SIGNUM REGIS – The Eyes Of Power
La formazione slovacca dei Signum Regis prende forma nel 2007 e solo un anno dopo è stato dato alle stampe l'eponimo debutto che metteva in mostra le buone potenzialità in suo possesso. È metal progressivo con una forte componente neo-classica quello che presentano, nulla di realmente innovativo, noterete come le influenze di Malmsteen, Symphony X, Elegy e Control Denied nelle parti più pesanti siano palesi e come altre si accosterrano al vostro udito nello scorrere del secondo e più maturo "The Eyes Of Power". Un concept album che ripercorre il periodo storico che va dal 630 A.C. al 224 A.C., secoli in cui la potenza di Roma si scontrava con le armate persiane, interessante e in fin dei conti la resa in musica è alquanto soddisfacente.

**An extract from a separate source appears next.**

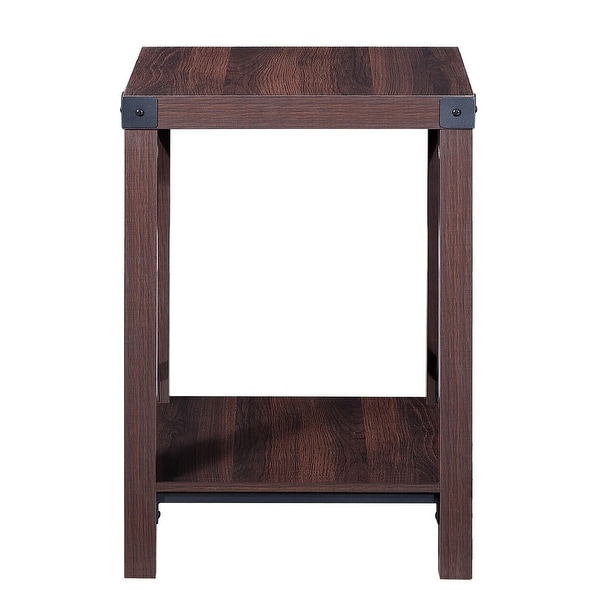 Ledel Rustic Accent Side Table End Table With Shelf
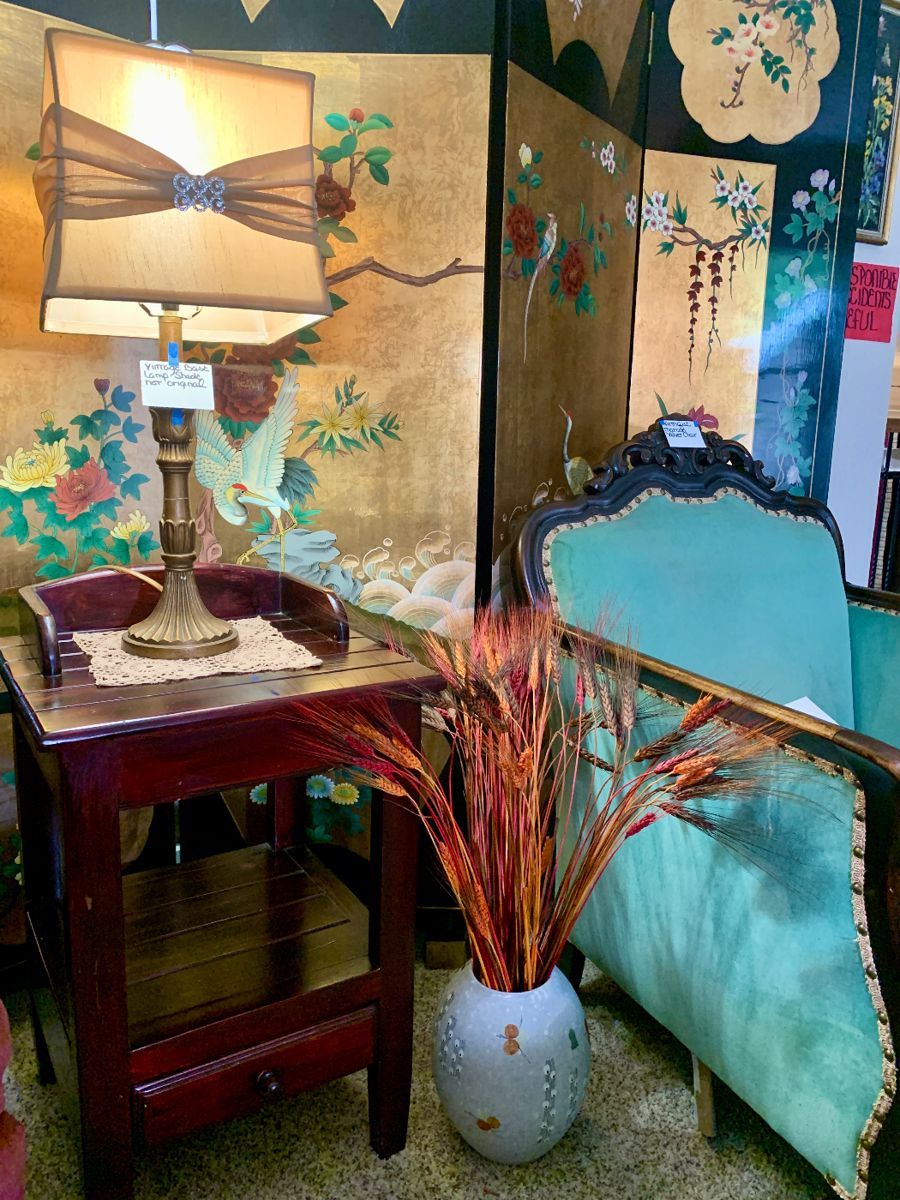 Vintage Lamp- replacement shade. 2 Sided Lacquer 4 panel screen. Antique aqua-teal velvet chair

Iniziamo col dire che possedere un uomo dietro al microfono di valore sia decisamente importante, la figura di Göran Edman — ex proprio di Malmsteen, ma anche di altri grandi gruppi quali Vinnie Vincent Invasion e Brazen Abbott — è rassicurante in quanto la qualità e l'approccio sono quelli che uno si aspetta da un cantante che sa fare il suo mestiere, sicuro, incisivo e sempre sul pezzo, se poi sotto si hanno delle basi che fanno del power, sia melodico che prog, la loro natura portante con un'ugola come quella dello svedese si va sul sicuro.
Discreto il lavoro svolto dalle due asce sia in fase di songwriting che nei momenti dedicati alla solistica, escon così fuori brani piacevoli in cui ritornelli e controcanti la fanno da padrone come accade in "Mystical Majesty", "Purpleborn" ed è sempre Goran a esaltare e rendere "Dura Europos" una delle tracce più interessanti e convincenti di una scaletta che al suo interno vede la presenza di ben tre strumentali: "Renewal The East" posto in apertura, carino, tuttavia nulla che si faccia ricordare, il secondo, "The Underground Temple", molto più elaborato e raffinato vede la formazione offrire una prestazione fantastica, il comparto ritmico e le chitarre lavorano a pieno regime come non si era ancora ascoltato, mentre l'ultimo in ordine d'arrivo, "Roma Aeterna", in possesso di un che di malinconico e atmosferico, risultando in grado di proiettare alla mente visioni del glorioso passato della capitale italica.
Ci sono anche le piccole seppur presenti pecche, "One Fatal Enterprise" è forse sin troppo melodica per il gusto di chi scrive e non regge il confronto con le altre, così come "Oathbreaker" e la conclusiva "Destroyers Of The World" non vanno aldilà di una canonica rappresentazione, seppur massiccia, dello stile power.
A "The Eyes Of Power" si può muovere solo la critica d'esser derivativo? E allora non la si pone neanche dato che chiunque faccia musica al giorno d'oggi volutamente e non attinge dal background musicale di band storiche. I Signum Regis sono decisamente validi e questo disco merita d'esser ascoltato e magari di ricevere un po' d'attenzione dato che sin troppo spesso ci limitiamo a controllare le uscite dei grandi nomi rischiando di perdere chicche non da poco come questa. Se amate il genere l'acquisto non è da escludere a priori.